Bangunan pusat grosir Tanah Abang dengan sejumlah pasar-pasar penyanggahnya yang kini terbangun megah, awal mulanya sangat sederhana, terdiri dari dinding bambu dan papan serta atap rumbia dari 229 papan dan 139 petak bambu. Itu sekelumit cerita kuperoleh di sana.
Seperti pengunjung Tenabang lainnya, Saya berbelanja sedikit keperluan untuk oleh-oleh mudik buat anak-istri di Sulawesi. Tapi sepanjang lama berjalan, diantara hiruk pikuk manusia, hati miris, menyaksikan panorama kehidupan disana. Pengemis, gelandangan, orang-orang cacat, preman hingga penipu menjadi tontonan ‘gratisku’. Jiwaku memelas dan berkata dalam hati “Inikah Indonesiaku?, tak adakah kehidupan layak buat mereka?”

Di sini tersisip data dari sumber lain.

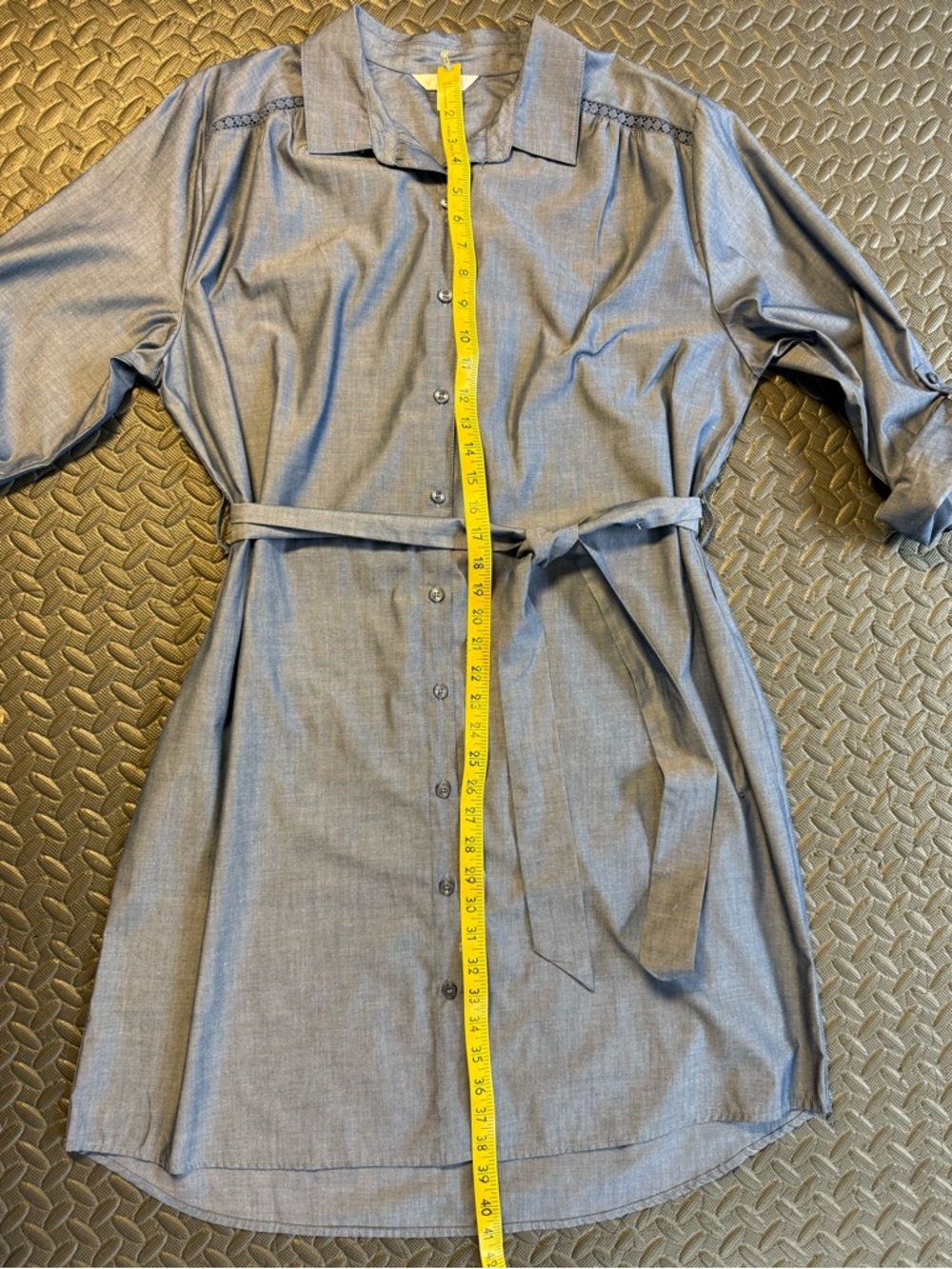 Time and Tru Blue Chambray Tie-Waist Midi Shirt Dress NWOT Size XL - Picture 6 of 9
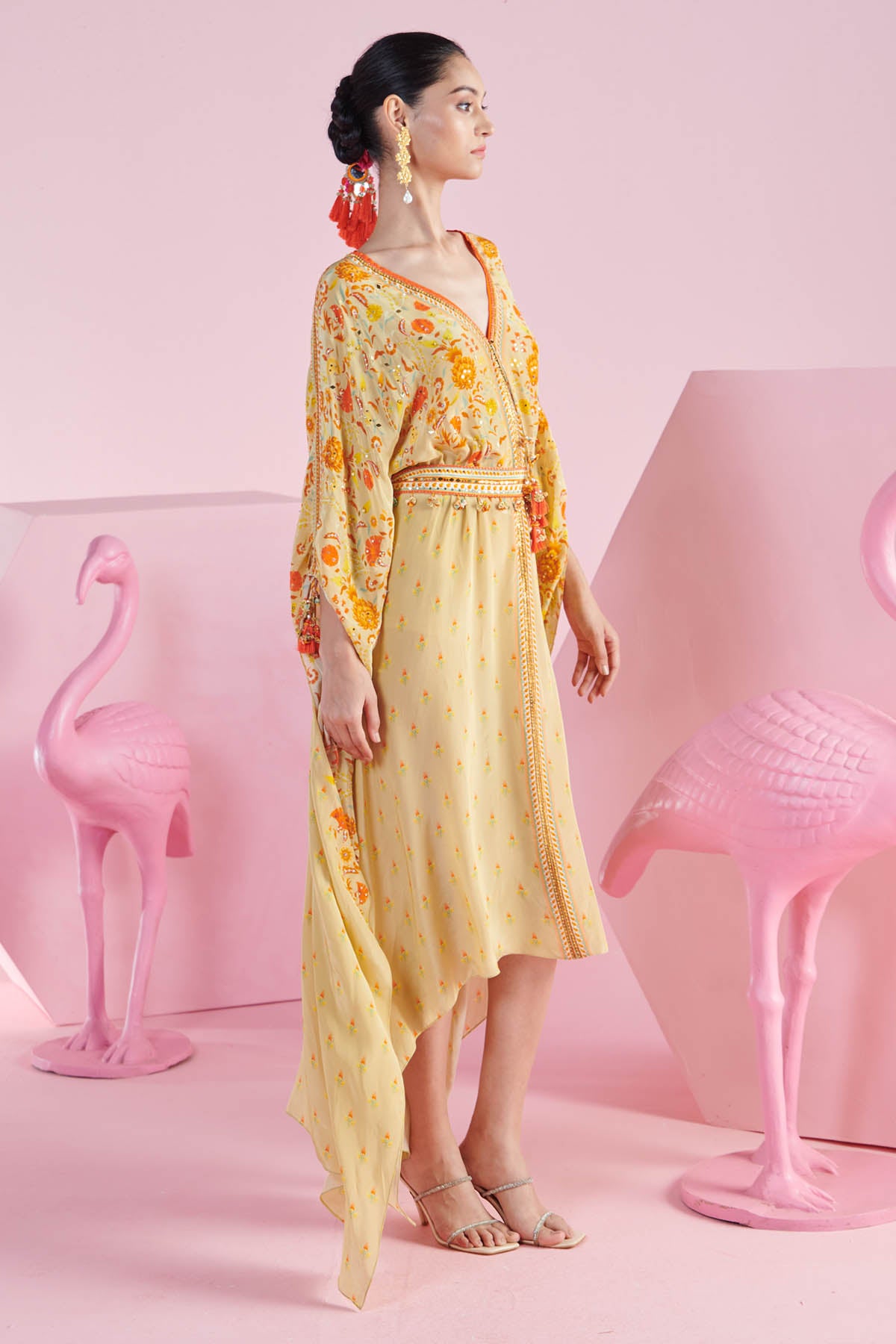 Yellow Print Kaftan Dress & Belt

Saya masih lugu dalam memandang realitas Jakarta. Tapi itulah kenyataan yang harus Saya hadapi. Saya hanya pun bertanya dalam hati. “Andai saja Pak Presiden SBY mau berjalan-jalan ke Tenabang tanpa pengawalan, seperti Saya layaknya, apakah Beliau masih punya rasa sama dengan Saya?. Ya!, kalaupun tidak bias memberi, cukuplah Beliau merasakan hal yang sama dengan apa yang Saya rasakan. Atau bila perlu, Pak SBY memberi perintah kepada Menteri-menterinya untuk sesekali berkutat dengan kepanasan dan kejengahan Tenabang. Saya yakin ini bisa dilakukan tanpa harus dikenali orang banyak. Saya teringat Presiden Iran Ahmadinejad, sosok Presiden sederhana yang pernah ada di alam modern ini. Mungkin saja, bila ia Presiden negeri ini, mungkin Beliau sudah sering ke Tenabang, tanpa dikenali di sana.
Bosan di Tenabang, saya temui seorang Polisi di sana. “Metromini 502 carinya di mana Pak?. “Sana” katanya dengan tunjukan tangan yang lurus. Polisi ini jujur, hanya beberapa menit metromini itu ketemukan. Seperti awalnya, Saya menikmati perjalanan menuju Cikini.
Tapi penghibur diperjalanan bukan lagi seorang pengamen. Kali ini ini seseorang ‘ahli pidato’ khas mubalik.. Sayangnya ia tak bersorban, sehingga dia tak layak disebut Ustadz. Hanya berkaos kumal dan bercelana pendek dekil. “Assalamu Alaikum…saudara-saudara, hidup ini sebuah misteri, hanya Allah yang tahu kapan berakhirnya. Saya mencari rezeki seperti saudara-saudara. Saya bukan pencopet dompet atau Ponsel Anda. Saya hanyalah manusia biasa yang berharap dari sedikit rezeki Anda. Saya hanya bisa berdoa, Ya Allah berikanlah kemudahan, berikanlah kemulyaan, berikanlah rezeki dan perlindungan kepada Saudara-saudara yang ada disini, semoga mereka selamat, keluarga mereka menanti…” begitu sedikit kutipan kalimat yang terekam di memori Saya.
Lelaki itupun berjalan, membuka kantong plastic dari sakunya, menebarkan kepada para penumpang, dengan berharap sekeping koin dari penumpang Tenabang-Cikini.
Sang Sopir tak bergeming, kalimat Kesimpulan Saya, “ow..ini sudah biasa di alam Jakarta”. Tapi Saya menangkap semua ini tidak akan berjalan dengan sendirinya tanpa ada ‘cinta’. Cinta karena keterpaksaan, ciinta karena tidak adanya kepedulian, Cinta karena ketimpangan.
Terima Kasih Ya Allah, Engkau menganugerahkan orang-orang ini, sebagai pelajaran ‘cintaku’ hari ini. (**)
Dipenghujung malam Cikini, 4 September 2010.